What is expected: Copy the lines exactly. Begin at the first line of the data and stop after the line with "Loki went into".

Input Start Marker

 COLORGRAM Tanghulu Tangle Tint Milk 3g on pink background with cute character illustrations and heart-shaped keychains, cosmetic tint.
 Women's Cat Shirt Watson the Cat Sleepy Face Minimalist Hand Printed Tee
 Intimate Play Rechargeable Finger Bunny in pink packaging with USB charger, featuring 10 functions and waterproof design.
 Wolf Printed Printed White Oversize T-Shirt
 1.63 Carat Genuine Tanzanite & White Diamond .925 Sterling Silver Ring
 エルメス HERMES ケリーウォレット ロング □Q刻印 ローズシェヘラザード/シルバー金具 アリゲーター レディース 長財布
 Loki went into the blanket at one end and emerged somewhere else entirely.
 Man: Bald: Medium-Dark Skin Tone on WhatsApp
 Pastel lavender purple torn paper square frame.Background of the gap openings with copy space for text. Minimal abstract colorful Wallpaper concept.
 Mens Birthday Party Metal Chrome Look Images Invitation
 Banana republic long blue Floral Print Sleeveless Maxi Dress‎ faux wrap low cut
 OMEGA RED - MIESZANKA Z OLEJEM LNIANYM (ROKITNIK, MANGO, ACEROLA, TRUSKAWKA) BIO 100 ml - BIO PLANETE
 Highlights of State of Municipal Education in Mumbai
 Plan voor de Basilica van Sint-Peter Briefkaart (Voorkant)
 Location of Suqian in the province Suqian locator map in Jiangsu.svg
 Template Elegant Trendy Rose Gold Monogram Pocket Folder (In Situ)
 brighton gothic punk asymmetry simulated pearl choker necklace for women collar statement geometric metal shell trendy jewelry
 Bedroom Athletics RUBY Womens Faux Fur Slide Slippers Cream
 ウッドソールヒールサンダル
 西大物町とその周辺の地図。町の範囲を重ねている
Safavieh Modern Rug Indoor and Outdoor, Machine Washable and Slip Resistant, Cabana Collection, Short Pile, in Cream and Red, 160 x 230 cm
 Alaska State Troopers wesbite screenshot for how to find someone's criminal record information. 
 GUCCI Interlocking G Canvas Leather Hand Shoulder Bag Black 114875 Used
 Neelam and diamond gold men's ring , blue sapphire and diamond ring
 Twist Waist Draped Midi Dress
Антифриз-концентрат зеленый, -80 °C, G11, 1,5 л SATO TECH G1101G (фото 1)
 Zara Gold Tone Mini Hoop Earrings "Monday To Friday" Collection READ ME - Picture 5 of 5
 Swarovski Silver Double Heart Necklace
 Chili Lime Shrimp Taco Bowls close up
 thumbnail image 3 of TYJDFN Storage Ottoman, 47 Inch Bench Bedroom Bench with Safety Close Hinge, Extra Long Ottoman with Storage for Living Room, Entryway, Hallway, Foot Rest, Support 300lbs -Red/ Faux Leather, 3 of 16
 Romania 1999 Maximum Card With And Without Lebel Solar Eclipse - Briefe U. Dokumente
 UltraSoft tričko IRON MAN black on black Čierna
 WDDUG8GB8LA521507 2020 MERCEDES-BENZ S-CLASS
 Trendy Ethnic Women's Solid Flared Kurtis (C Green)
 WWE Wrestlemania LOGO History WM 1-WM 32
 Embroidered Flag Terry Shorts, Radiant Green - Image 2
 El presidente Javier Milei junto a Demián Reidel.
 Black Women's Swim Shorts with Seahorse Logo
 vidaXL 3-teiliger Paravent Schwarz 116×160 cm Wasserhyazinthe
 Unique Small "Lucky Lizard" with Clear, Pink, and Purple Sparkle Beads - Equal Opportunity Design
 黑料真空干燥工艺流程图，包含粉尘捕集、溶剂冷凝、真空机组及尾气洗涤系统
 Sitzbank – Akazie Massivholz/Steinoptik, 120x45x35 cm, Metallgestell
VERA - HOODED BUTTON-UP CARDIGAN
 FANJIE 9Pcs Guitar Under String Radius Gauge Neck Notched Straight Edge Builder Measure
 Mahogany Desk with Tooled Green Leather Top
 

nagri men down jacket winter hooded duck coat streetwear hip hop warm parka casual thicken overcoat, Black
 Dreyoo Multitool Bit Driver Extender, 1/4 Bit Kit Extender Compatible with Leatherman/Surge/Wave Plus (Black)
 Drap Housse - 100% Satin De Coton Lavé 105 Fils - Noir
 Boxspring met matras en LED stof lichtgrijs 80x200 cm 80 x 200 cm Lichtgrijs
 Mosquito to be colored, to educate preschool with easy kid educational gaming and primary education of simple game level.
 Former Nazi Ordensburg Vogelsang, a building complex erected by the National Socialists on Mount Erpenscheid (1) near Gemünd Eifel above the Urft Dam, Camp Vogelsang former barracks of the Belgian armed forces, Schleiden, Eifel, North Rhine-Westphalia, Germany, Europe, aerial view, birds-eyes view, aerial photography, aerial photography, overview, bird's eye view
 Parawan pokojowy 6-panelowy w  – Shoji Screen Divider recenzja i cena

Input End Marker

Expected answer:
 COLORGRAM Tanghulu Tangle Tint Milk 3g on pink background with cute character illustrations and heart-shaped keychains, cosmetic tint.
 Women's Cat Shirt Watson the Cat Sleepy Face Minimalist Hand Printed Tee
 Intimate Play Rechargeable Finger Bunny in pink packaging with USB charger, featuring 10 functions and waterproof design.
 Wolf Printed Printed White Oversize T-Shirt
 1.63 Carat Genuine Tanzanite & White Diamond .925 Sterling Silver Ring
 エルメス HERMES ケリーウォレット ロング □Q刻印 ローズシェヘラザード/シルバー金具 アリゲーター レディース 長財布
 Loki went into the blanket at one end and emerged somewhere else entirely.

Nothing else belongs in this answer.